======== Excerpted records ========

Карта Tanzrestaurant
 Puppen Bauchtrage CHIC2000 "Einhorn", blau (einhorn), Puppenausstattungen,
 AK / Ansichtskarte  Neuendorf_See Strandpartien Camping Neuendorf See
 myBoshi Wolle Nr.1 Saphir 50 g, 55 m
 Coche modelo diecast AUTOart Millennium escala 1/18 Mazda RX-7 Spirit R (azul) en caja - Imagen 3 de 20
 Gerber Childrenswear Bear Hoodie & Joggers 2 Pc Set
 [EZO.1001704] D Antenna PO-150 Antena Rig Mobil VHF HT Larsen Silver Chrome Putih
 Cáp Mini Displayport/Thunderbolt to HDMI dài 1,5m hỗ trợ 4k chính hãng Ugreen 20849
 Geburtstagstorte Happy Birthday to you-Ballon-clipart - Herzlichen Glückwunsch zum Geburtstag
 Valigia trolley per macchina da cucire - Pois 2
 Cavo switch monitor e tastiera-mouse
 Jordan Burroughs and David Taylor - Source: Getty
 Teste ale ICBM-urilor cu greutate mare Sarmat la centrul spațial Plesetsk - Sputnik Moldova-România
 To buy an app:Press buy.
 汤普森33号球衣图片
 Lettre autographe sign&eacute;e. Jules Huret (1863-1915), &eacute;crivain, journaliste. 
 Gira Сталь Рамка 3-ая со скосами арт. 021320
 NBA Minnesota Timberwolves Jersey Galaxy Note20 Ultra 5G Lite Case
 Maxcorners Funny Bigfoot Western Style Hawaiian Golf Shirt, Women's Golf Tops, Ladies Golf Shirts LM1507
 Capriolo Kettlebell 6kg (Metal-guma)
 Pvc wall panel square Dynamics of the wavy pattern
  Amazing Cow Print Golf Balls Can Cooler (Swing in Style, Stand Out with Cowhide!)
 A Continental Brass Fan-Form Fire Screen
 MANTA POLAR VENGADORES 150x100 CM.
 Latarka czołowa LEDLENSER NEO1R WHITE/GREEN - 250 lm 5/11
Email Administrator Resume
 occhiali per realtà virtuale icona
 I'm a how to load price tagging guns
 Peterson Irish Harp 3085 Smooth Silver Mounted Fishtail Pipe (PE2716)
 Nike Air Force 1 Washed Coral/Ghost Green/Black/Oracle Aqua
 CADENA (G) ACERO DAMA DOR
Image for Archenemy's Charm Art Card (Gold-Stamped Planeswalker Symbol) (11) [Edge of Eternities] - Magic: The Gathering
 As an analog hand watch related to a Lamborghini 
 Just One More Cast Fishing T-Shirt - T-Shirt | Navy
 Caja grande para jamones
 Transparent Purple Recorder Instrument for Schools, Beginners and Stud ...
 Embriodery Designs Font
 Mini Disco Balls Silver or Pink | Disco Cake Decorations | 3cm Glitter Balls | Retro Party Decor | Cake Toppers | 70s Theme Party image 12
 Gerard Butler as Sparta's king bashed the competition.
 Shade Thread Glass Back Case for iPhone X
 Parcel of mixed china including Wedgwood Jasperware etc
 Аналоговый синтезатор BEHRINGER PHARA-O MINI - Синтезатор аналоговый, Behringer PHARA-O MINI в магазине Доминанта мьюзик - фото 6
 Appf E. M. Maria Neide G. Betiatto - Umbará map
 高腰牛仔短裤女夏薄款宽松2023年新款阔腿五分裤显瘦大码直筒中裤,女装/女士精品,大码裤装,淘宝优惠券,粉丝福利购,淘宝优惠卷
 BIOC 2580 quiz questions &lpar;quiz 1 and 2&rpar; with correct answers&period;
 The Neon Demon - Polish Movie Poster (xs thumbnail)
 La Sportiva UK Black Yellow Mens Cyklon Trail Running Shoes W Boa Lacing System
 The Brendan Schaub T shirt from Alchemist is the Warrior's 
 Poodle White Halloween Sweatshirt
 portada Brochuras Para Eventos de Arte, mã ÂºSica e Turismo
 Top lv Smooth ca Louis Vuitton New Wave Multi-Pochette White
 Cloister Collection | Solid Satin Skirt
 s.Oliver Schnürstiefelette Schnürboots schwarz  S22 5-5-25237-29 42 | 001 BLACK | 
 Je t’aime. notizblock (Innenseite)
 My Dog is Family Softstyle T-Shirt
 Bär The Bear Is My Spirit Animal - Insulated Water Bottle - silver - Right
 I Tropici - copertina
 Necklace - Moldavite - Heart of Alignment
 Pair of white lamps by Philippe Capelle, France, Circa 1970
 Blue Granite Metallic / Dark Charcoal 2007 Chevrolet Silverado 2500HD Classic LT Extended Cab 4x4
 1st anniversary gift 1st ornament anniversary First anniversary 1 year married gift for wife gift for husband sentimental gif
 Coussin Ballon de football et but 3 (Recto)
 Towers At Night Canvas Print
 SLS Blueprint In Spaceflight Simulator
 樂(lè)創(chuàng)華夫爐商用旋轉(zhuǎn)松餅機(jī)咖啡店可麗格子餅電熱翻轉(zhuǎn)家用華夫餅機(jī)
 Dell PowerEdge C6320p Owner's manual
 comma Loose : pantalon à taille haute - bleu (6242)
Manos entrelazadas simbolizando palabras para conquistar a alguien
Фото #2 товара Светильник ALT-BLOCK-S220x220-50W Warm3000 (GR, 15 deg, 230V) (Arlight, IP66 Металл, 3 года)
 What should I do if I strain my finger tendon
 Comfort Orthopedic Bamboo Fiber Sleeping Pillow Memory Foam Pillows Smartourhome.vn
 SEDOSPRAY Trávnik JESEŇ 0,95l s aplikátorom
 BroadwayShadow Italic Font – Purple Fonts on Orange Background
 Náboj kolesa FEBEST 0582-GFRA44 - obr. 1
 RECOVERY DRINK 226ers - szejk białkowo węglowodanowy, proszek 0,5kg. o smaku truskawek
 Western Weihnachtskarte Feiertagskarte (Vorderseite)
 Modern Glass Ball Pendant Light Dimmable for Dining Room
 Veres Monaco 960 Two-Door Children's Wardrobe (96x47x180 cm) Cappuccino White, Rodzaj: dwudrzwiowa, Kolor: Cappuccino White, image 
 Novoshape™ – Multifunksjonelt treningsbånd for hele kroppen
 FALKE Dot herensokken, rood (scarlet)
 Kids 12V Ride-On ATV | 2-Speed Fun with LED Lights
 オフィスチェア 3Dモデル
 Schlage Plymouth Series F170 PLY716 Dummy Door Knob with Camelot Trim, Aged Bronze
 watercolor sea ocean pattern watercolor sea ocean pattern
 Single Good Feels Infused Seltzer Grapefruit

========

> _What is expected_
Using the entries shown above, reproduce verbatim the lines from the line bearing "Caja grande para jamones" to the line bearing "Parcel of mixed", inclusive.

> _The answer_
 Caja grande para jamones
 Transparent Purple Recorder Instrument for Schools, Beginners and Stud ...
 Embriodery Designs Font
 Mini Disco Balls Silver or Pink | Disco Cake Decorations | 3cm Glitter Balls | Retro Party Decor | Cake Toppers | 70s Theme Party image 12
 Gerard Butler as Sparta's king bashed the competition.
 Shade Thread Glass Back Case for iPhone X
 Parcel of mixed china including Wedgwood Jasperware etc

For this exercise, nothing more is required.